Shandong increased its offer in March by 75.5 per cent on Cardinal’s 20-day volume weighted average price ($0.34 per share).

After a consideration by the Cardinal board, the directors are unanimously recommending all shareholders to accept the offer in absence of a superior proposal.

The directors, who hold a combined 6.37 per cent of Cardinal shares intend to accept the offer.

Cardinal chief executive and managing director Archie Koimtsidis said he was pleased Shandong was committed to developing its Namdini project in Ghana should the takeover be successful.

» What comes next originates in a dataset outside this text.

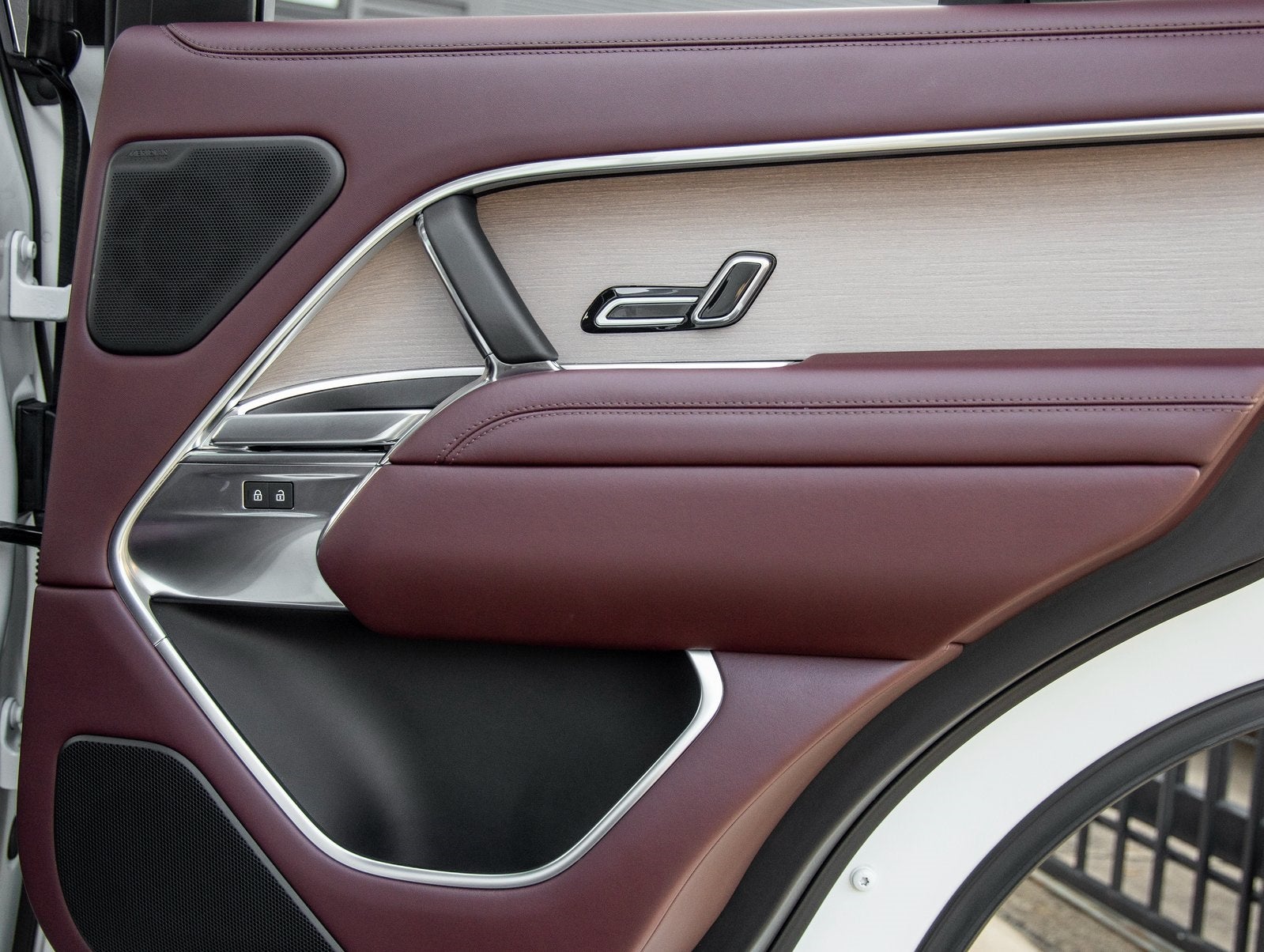 2023 Land Rover Range Rover Autobiography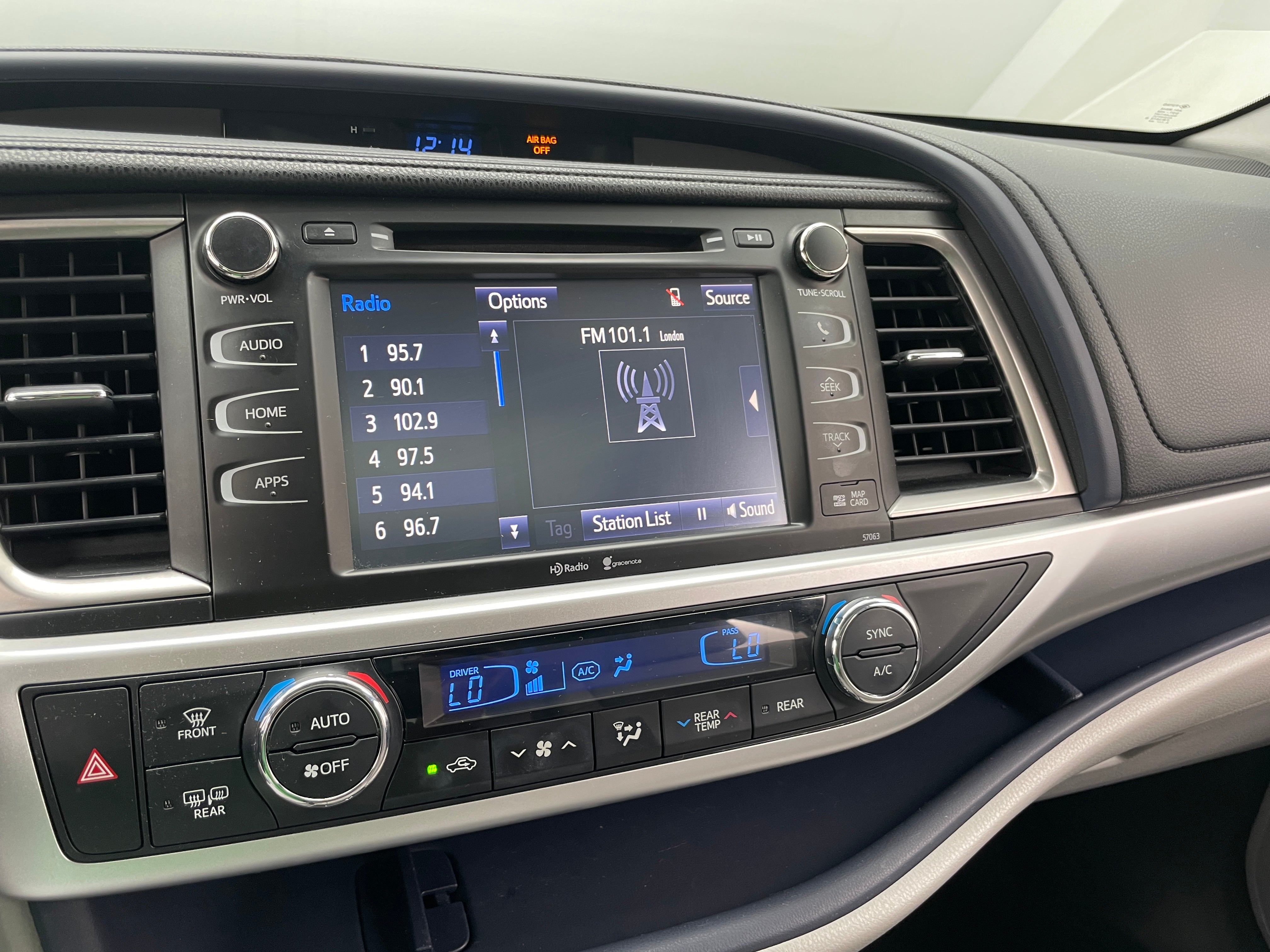 2015 Toyota Highlander XLE 3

“The board of directors of Cardinal has negotiated what we consider a strong offer for our shareholders and one which delivers a significant premium to Cardinal’s market price, at a time of considerable volatility and uncertainty in global markets,” Koimtsidis said.

“I am pleased Shandong gold is committed to getting on with development of Namdini to establish the first long-life gold mine in the upper east region of Ghana, bringing many significant and long-lasting benefits to the local community and Ghana.”

Shandong chairman Li Guohong added that he was conscious of the strong working relationship Cardinal had built with the local community at the Namdini project and wanted to continue building on this.

“We have tremendous respect for the Cardinal organisation for the manner in which it has advanced Namdini to its current development status,” Guohong said.

“We are conscious of how important the development of Namdini is to both the local community and the country of Ghana. We look forward to continue to build on this close relationship for the benefit of all stakeholders of the Namdini project.”

Shandong is the largest gold producer in China and has assets in Argentina.